A less risky approach is to separate the requirements into phases, with each phase working toward the vision. In the vCloud project I worked on, we used the following phases:
- Vendor selection—In selecting the VMware datacenter hosting provider, we considered the requirements detailed in the information gathering phase.
- Proof of concept application—We produced a proof of concept based on the solution design. The application the users were most familiar with was selected as the first candidate, and it was used to establish the process for verification and validation of the design.
- Production deployment of application—Based on the lessons learned from the proof of concept, we released a single production application.
- Integration and management—We implemented the support and operational management requirements.
Once phase 3 was complete, additional applications were deployed, using the processes developed from the first live deployment. Gradually we released all applications and created a full production platform with associated management and integration tools.

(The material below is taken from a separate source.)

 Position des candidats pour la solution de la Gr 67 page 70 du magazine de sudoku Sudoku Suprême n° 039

This phased release approach gave comfort to the business sponsor, who was able to witness regular application releases on a tight schedule. This staggered approach provided the opportunity for continuous platform improvements from one release to the next.

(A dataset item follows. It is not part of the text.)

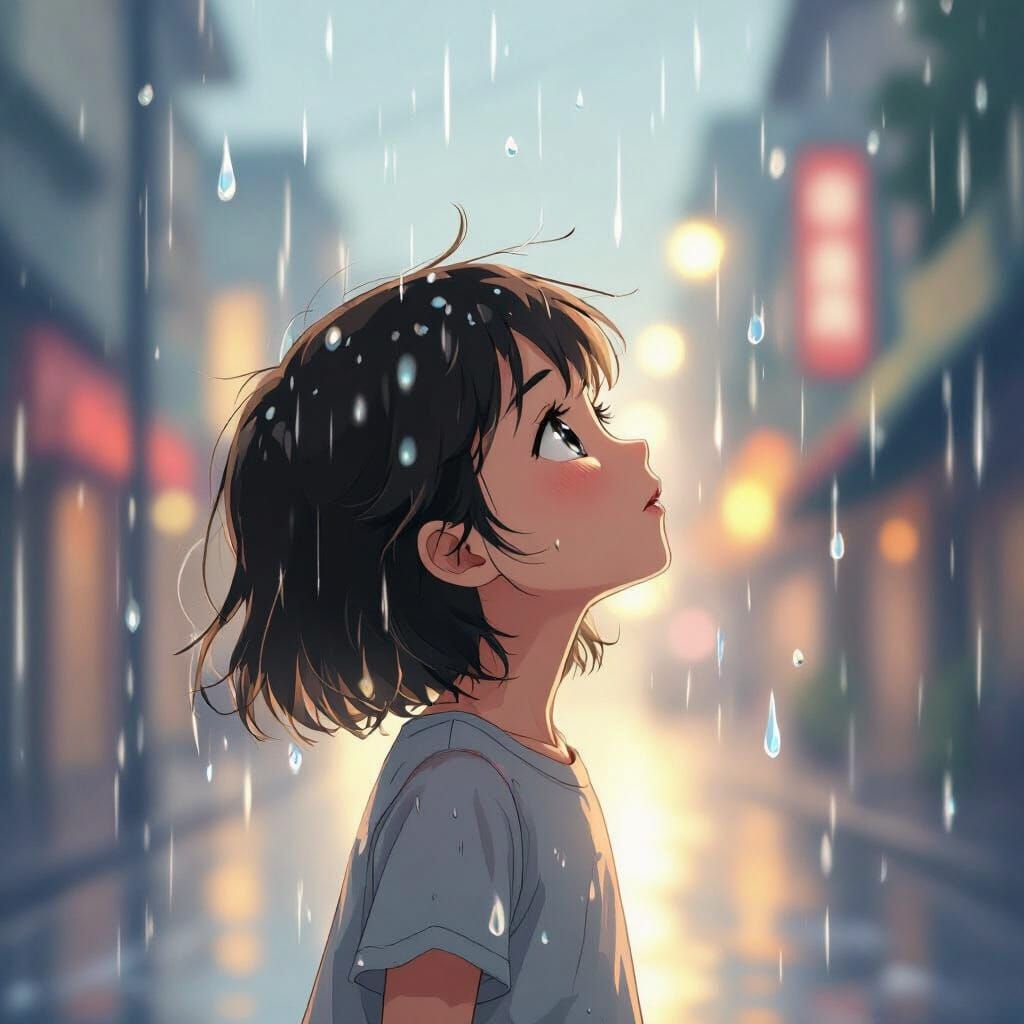 Girl Standing in Rain Anime Style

General Guidelines for a Good Technical Design
Although every project is different and depends on several factors, a good technical design should:
- Be simple and easy to reproduce
- Be scalable
- Be cost efficient
- Be fault tolerant
- Have a total cost of ownership that the business can achieve
- Be supportable
One useful addition to every technical design is a section that justifies the design choices and references the original requirements, constraints, risks, and so on. This extra information demonstrates to the business project sponsor that all the requirements have been seriously considered, and it also assists the designer in validating his or her thought process at the next project iteration.
Learning from Experience
How do you know if a project has been successful?
Early in my career as a Windows engineer, I worked on many Microsoft Exchange projects. Microsoft Exchange can be deployed in various ways, and it does have some great functionality. For instance, I remember well the excitement surrounding the release of Outlook Anywhere, and the massive impact it had. Users were suddenly able to double-click on an icon and check email without a VPN! The underlying system, however, was not completely fault tolerant, and the single points of failure were unlikely to satisfy uptime requirements if they failed.
This is an example of a project evolving from “Building a highly available messaging solution for the company based on a standard supportable platform” to “Enabling users to access email from any location without the use of a VPN.”
As you work on a project, ensure that at every stage of the project, the vision and requirements remain in clear view. It is easy to lose sight of the vision or goal and fall prey to scope creep. Both the vision and requirements should be clearly defined and not open to interpretation.
Measuring Project Success
“That will do.” This everyday saying makes many people shudder; however, it can be very true with technical design.
A company needs a sensible design to be delivered on time and within budget, and it needs the design to meet requirements while observing risks and assumptions and operating around constraints.
- “True perfection has to be imperfect; I know that sounds foolish, but it’s true.”
- —Noel Gallagher
Your project may be far from perfect, but if it meets its vision while respecting all requirements, then it can be regarded as a success. Any imperfections can be fixed either as a business-as-usual exercise or during a period of stabilization.